■ WHAT YOU SHOULD DO ■
Although the records contain pictures, the copy should leave them out and match everything else exactly.

##############################

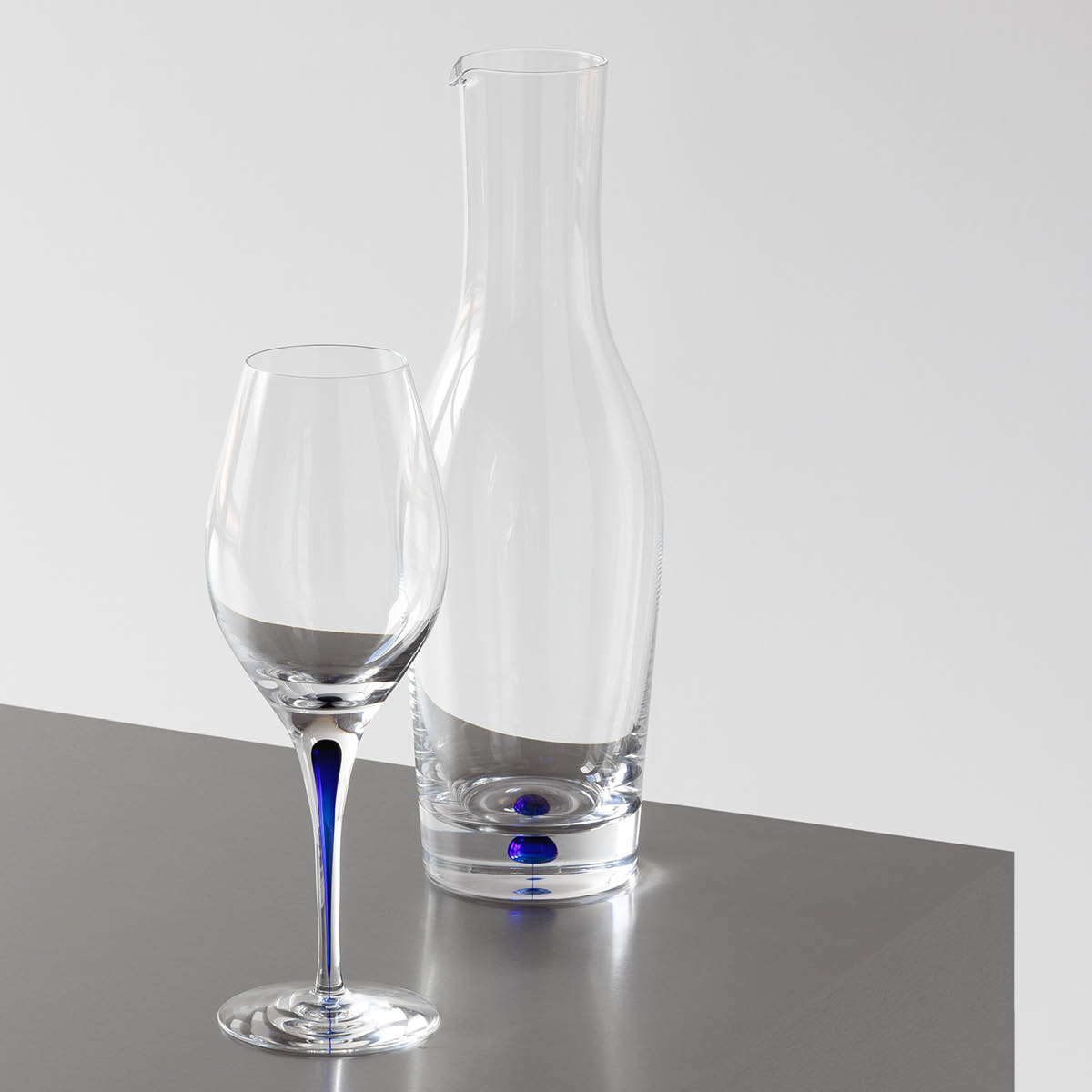 Orrefors Intermezzo karaffel 112 cl blå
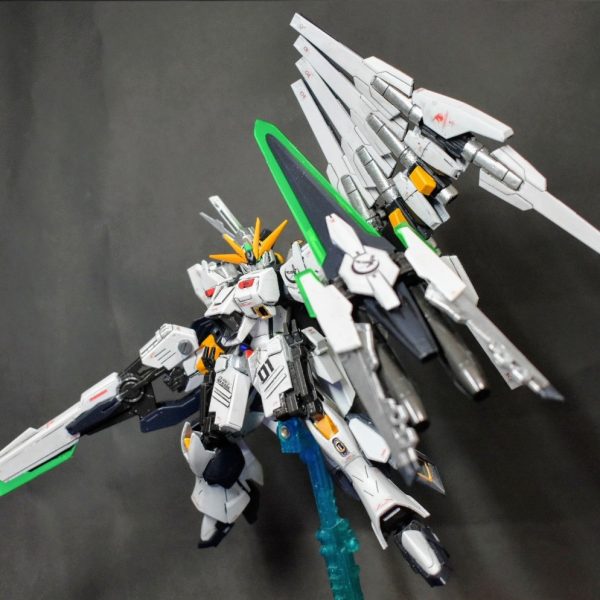 HG リバーシブルガンダム｜めーふらさんのガンプラ作品｜GUNSTA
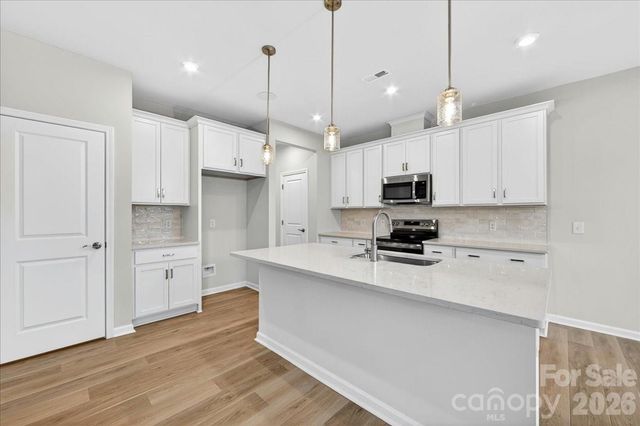 512 Webster Lane, Cramerton, NC 28032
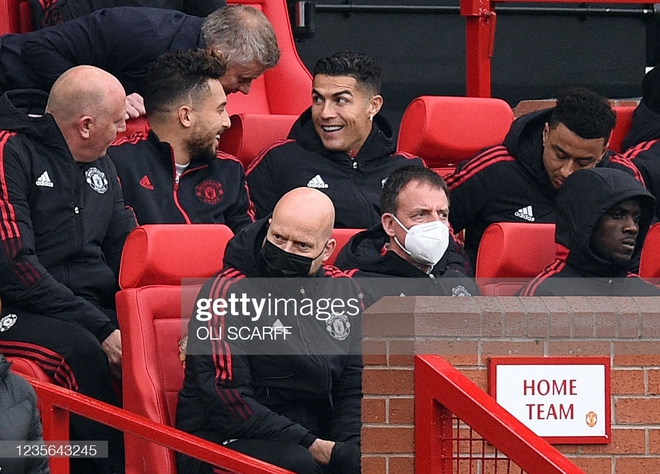 Ronaldo vào sân từ ghế dự bị, MU thoát thua hú vía trên sân nhà Old Trafford - Ảnh 8.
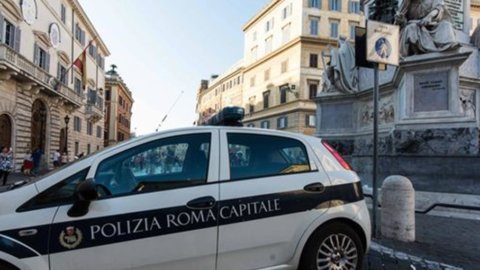Polisi absen, Renzi: ubah aturan PA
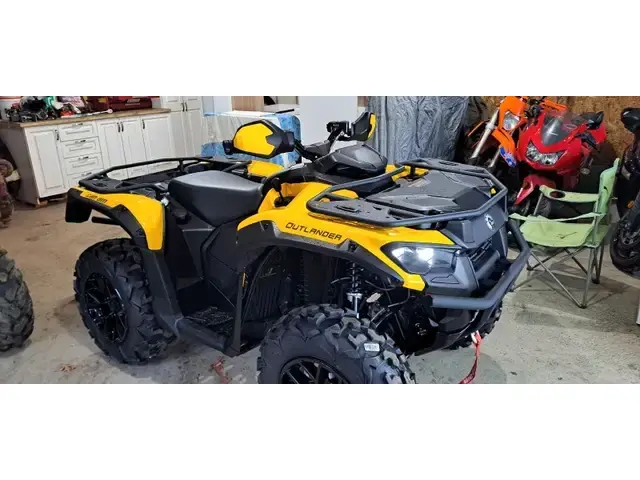 Can-Am OUTLANDER 700 XT 2024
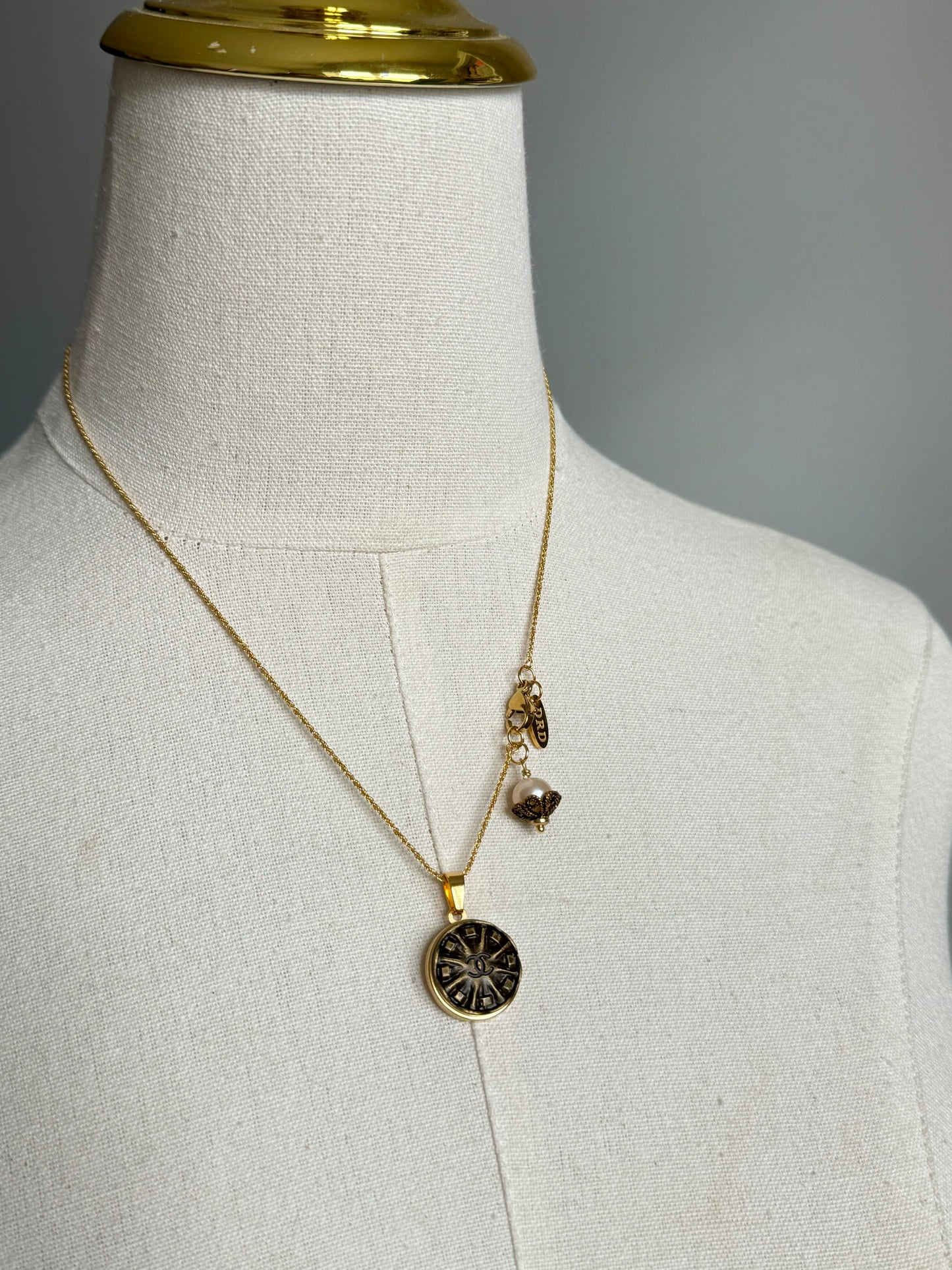 ✨ Vintage Authentic reworked Anyoque Gold button Necklace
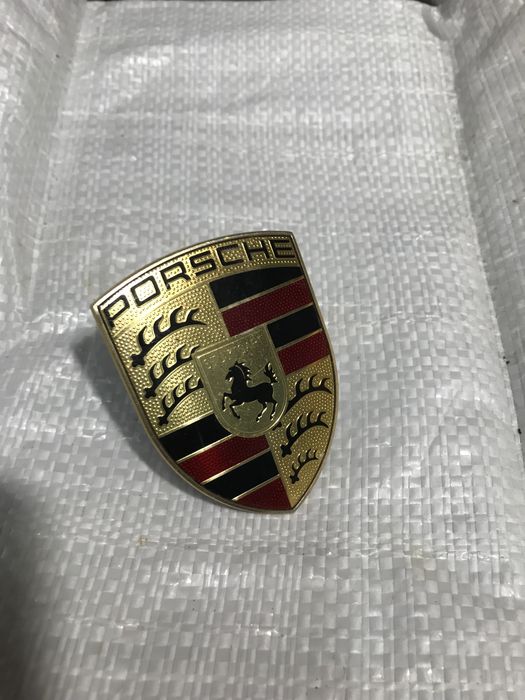 Значок на переданий бампер порш каєн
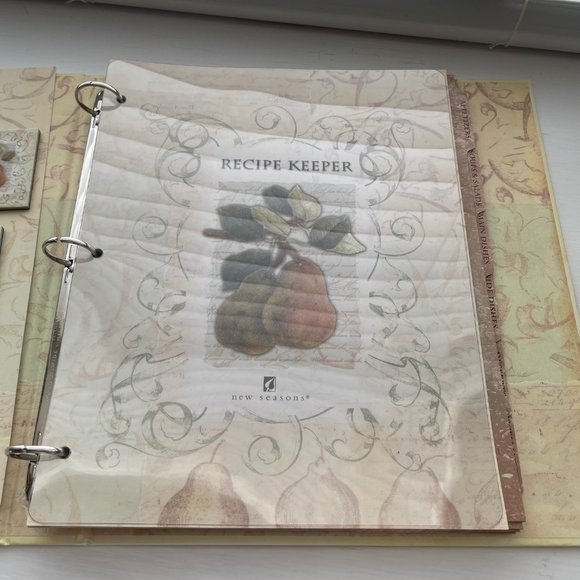 New Seasons Recipe Keeper Hardcover Binder with Magnets and Notepad - Picture 3 of 8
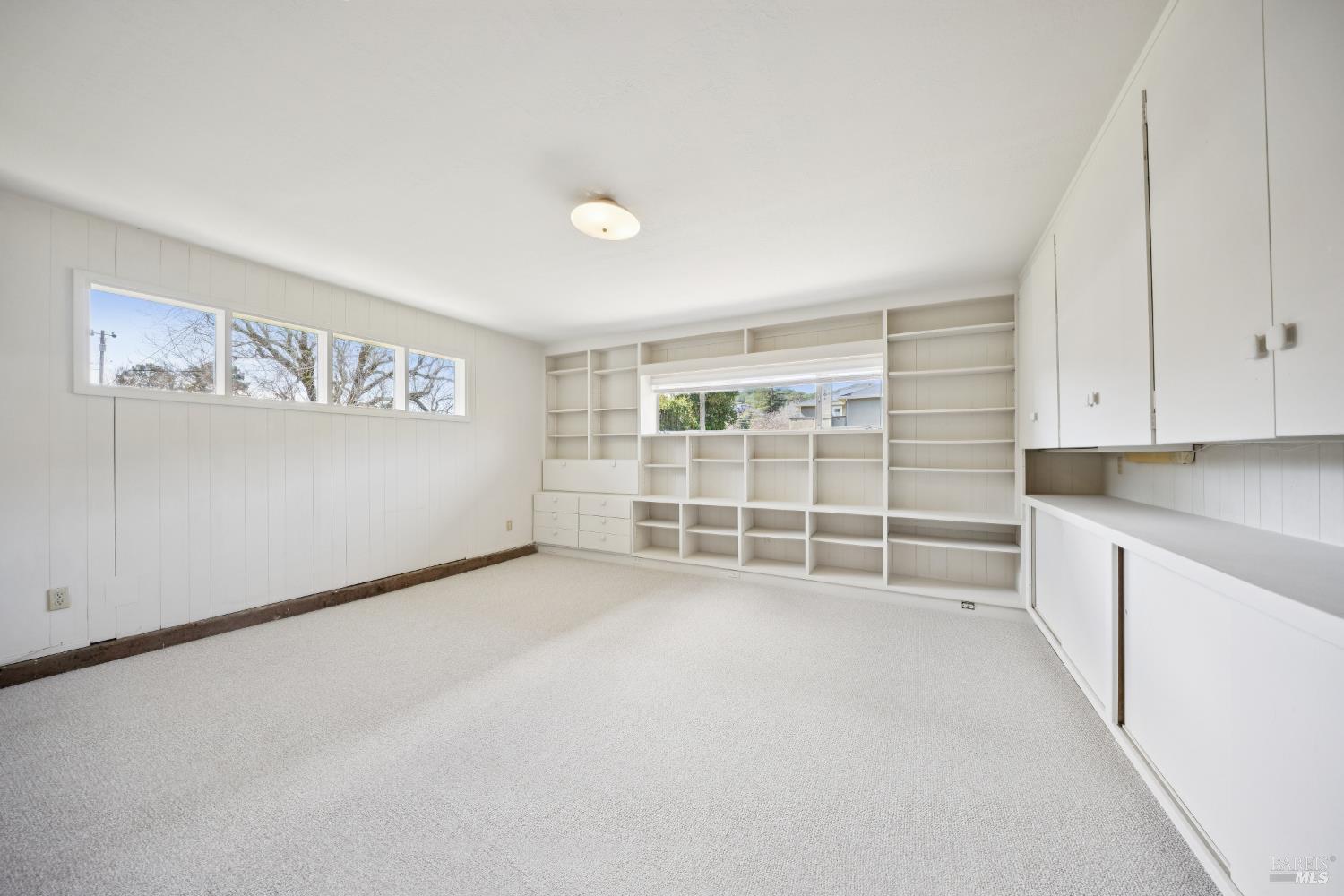 Detail Gallery Image 16 of 39 For 10 Somerset Ln, Mill Valley,  CA 94941 - 3 Beds | 2 Baths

##############################

■ EXERCISE ANSWER ■
 Orrefors Intermezzo karaffel 112 cl blå
 HG リバーシブルガンダム｜めーふらさんのガンプラ作品｜GUNSTA
 512 Webster Lane, Cramerton, NC 28032
 Ronaldo vào sân từ ghế dự bị, MU thoát thua hú vía trên sân nhà Old Trafford - Ảnh 8.
Polisi absen, Renzi: ubah aturan PA
 Can-Am OUTLANDER 700 XT 2024
 ✨ Vintage Authentic reworked Anyoque Gold button Necklace
 Значок на переданий бампер порш каєн
 New Seasons Recipe Keeper Hardcover Binder with Magnets and Notepad - Picture 3 of 8
 Detail Gallery Image 16 of 39 For 10 Somerset Ln, Mill Valley,  CA 94941 - 3 Beds | 2 Baths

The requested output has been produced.